‘Well! And how did it end?’

‘In Cayenne,’ he answered.

He seemed to think that somebody had given the show away. As he was keeping watch in the back street, bag in hand, he was set upon by the police. ‘These imbeciles’ had knocked him down without noticing what he had in his hand. He wondered how the bomb failed to explode as he fell. But it didn’t explode.

‘I tried to tell my story in court,’ he continued. ‘The president was amused. There were in the audience some idiots who laughed.’

I expressed the hope that some of the others had been caught too. He shuddered slightly before he told me that there were two—Simon, called also Biscuit, the middle-aged fitter who spoke to him in the street, and a fellow of the name of Mafile, one of the sympathetic strangers who had applauded his sentiments and consoled his humanitarian sorrows when he got drunk in the café.

‘Yes,’ he went on, with an effort, ‘I had the advantage of their company over there on St Joseph’s Island, amongst some eighty or ninety other anarchists.
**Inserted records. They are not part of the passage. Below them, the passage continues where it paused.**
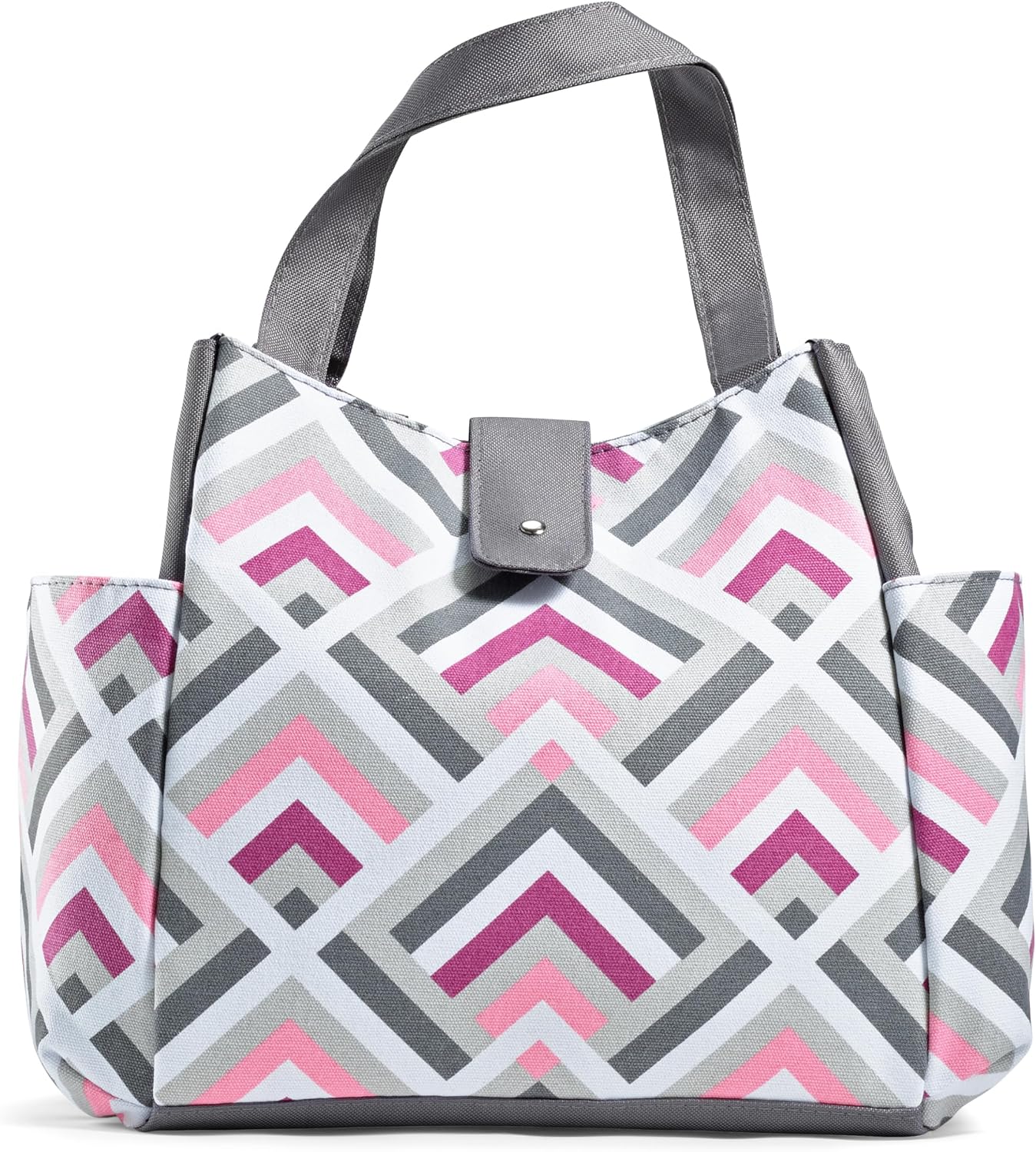 Fit & Fresh Lunch Bag For Women, Insulated Womens Lunch Bag For Work, Leakproof & Stain-Resistant Large Lunch Box For Women With Containers and Matching Tumbler, Snap Closure Westport Bag Magenta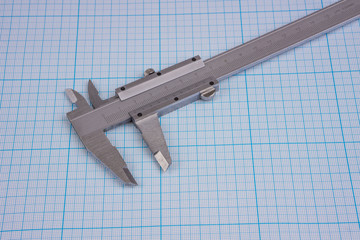Vernier-caliper on graph paper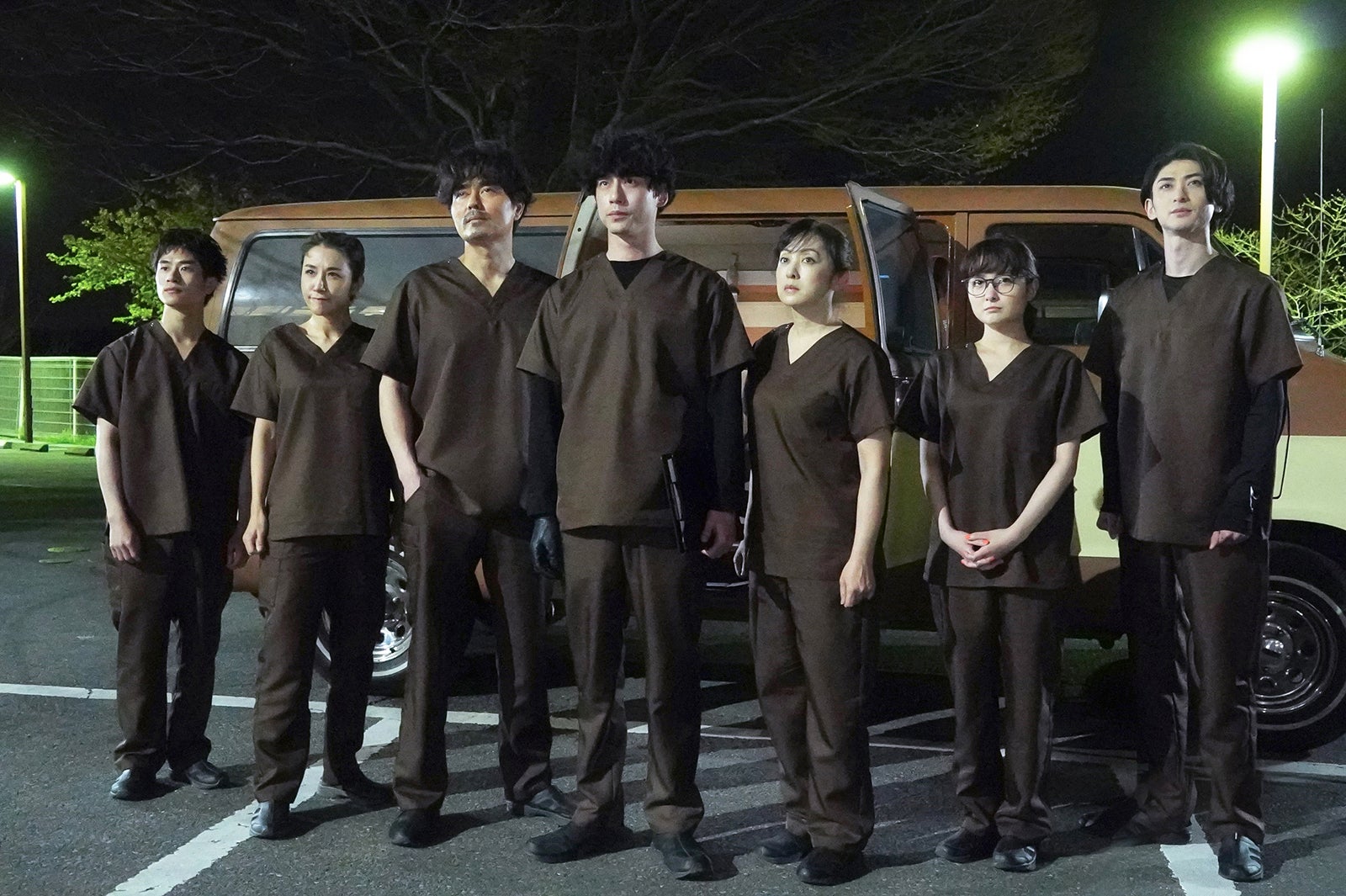 前田旺志郎、鈴木紗理奈、小澤征悦、坂口健太郎、斉藤由貴、葵わかな、古川雄大／「Dr.チョコレート」第1話より（C）日本テレビ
We were all classed as dangerous.’

St Joseph’s Island is the prettiest of the Iles de Salut.* It is rocky and green, with shallow ravines, bushes, thickets, groves of mango-trees, and many feathery palms. Six warders armed with revolvers and carbines are in charge of the convicts kept there.

An eight-oared galley keeps up the communication in the daytime, across a channel a quarter of a mile wide, with the Ile Royale, where there is a military post. She makes the first trip at six in the morning. At four in the afternoon her service is over, and she is then hauled up into a little dock on the Ile Royale and a sentry put over her and a few smaller boats. From that time till next morning the island of St Joseph remains cut off from the rest of the world, with the warders patrolling in turn the path from the warders’ house to the convict huts, and a multitude of sharks patrolling the waters all round.

Under these circumstances the convicts planned a mutiny.* Such a thing had never been known in the penitentiary’s history before. But their plan was not without some possibility of success. The warders were to be taken by surprise and murdered during the night. Their arms would enable the convicts to shoot down the people in the boat as she came alongside in the morning. The galley once in their possession, other boats were to be captured, and the whole company was to row away up the coast.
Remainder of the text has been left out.